Problem to solve:
Return the data below exactly, minus the pictures.

The data:
+-------+

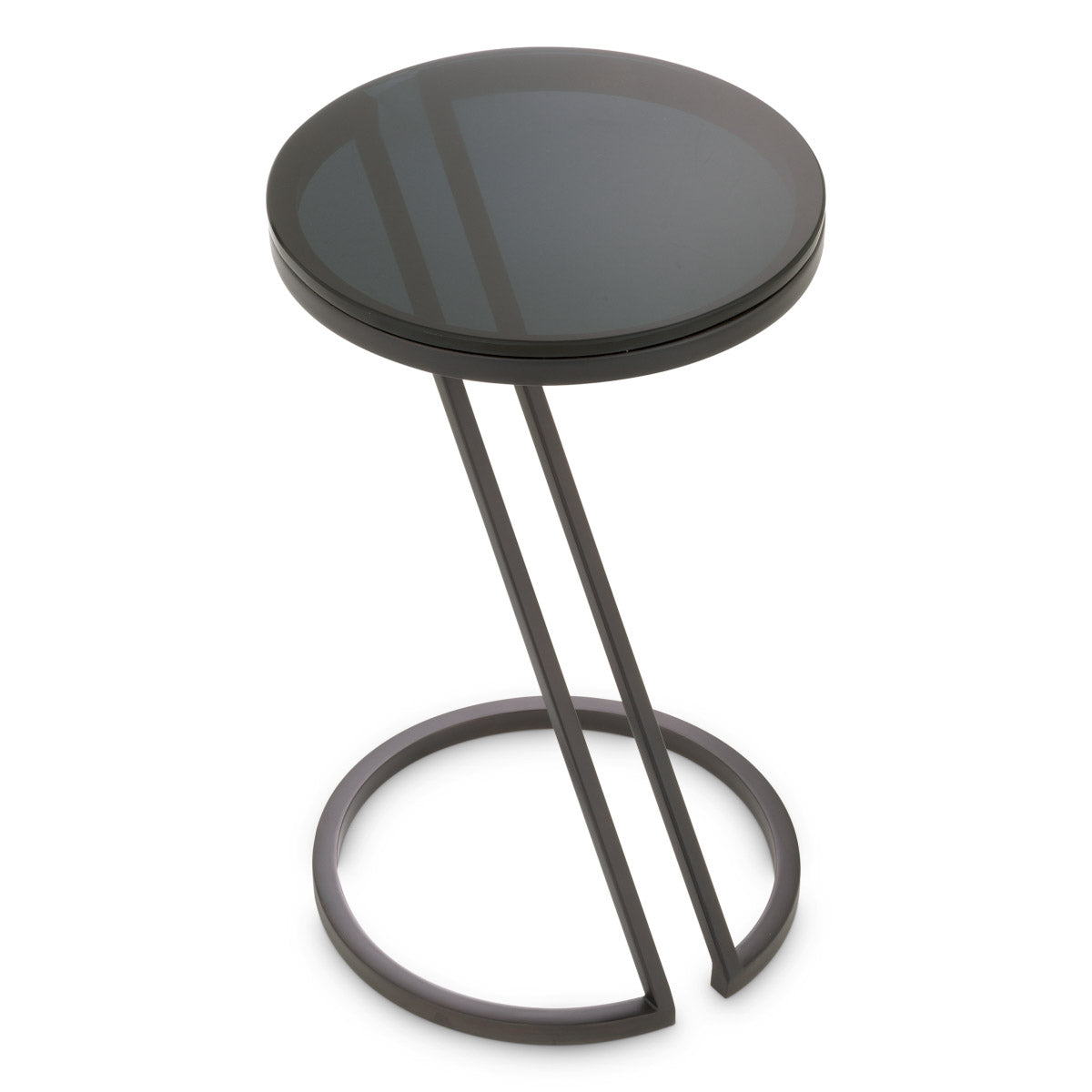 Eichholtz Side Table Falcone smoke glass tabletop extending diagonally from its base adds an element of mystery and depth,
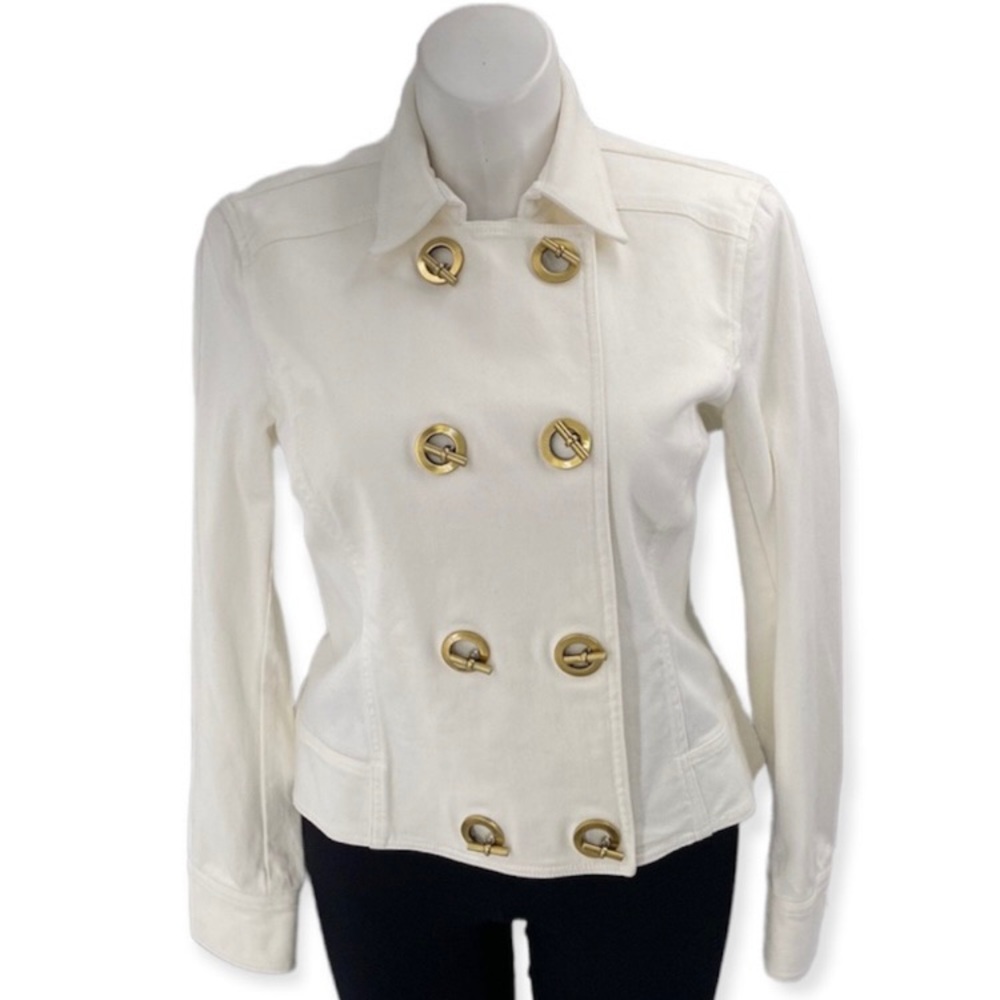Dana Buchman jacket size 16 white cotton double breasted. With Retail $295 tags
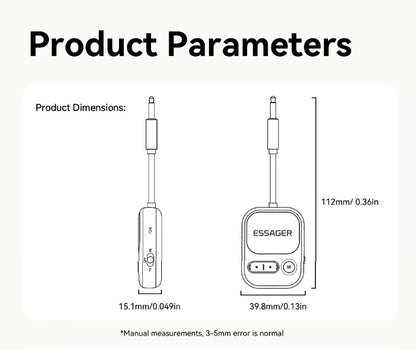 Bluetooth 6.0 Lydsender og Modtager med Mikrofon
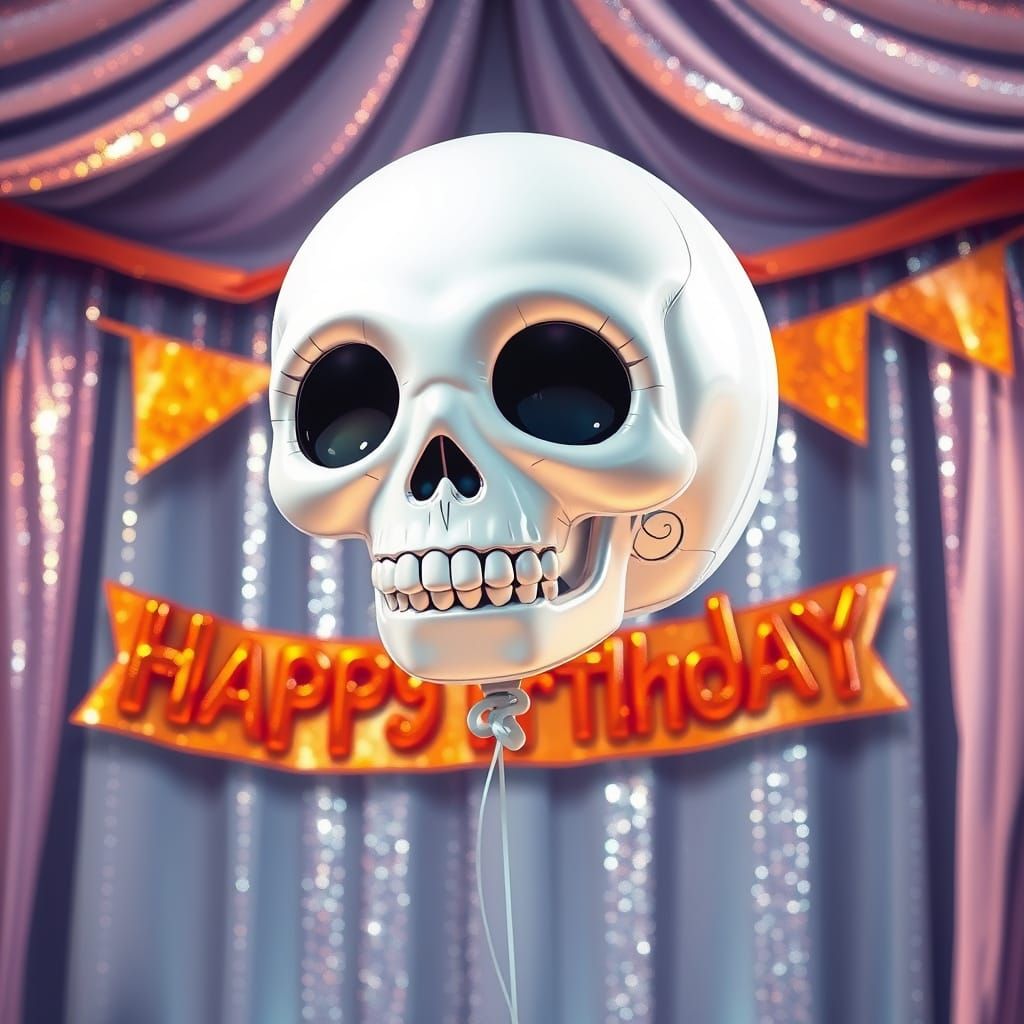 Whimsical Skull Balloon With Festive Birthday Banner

+-------+

Result of the task:
 Eichholtz Side Table Falcone smoke glass tabletop extending diagonally from its base adds an element of mystery and depth,
Dana Buchman jacket size 16 white cotton double breasted. With Retail $295 tags
 Bluetooth 6.0 Lydsender og Modtager med Mikrofon
 Whimsical Skull Balloon With Festive Birthday Banner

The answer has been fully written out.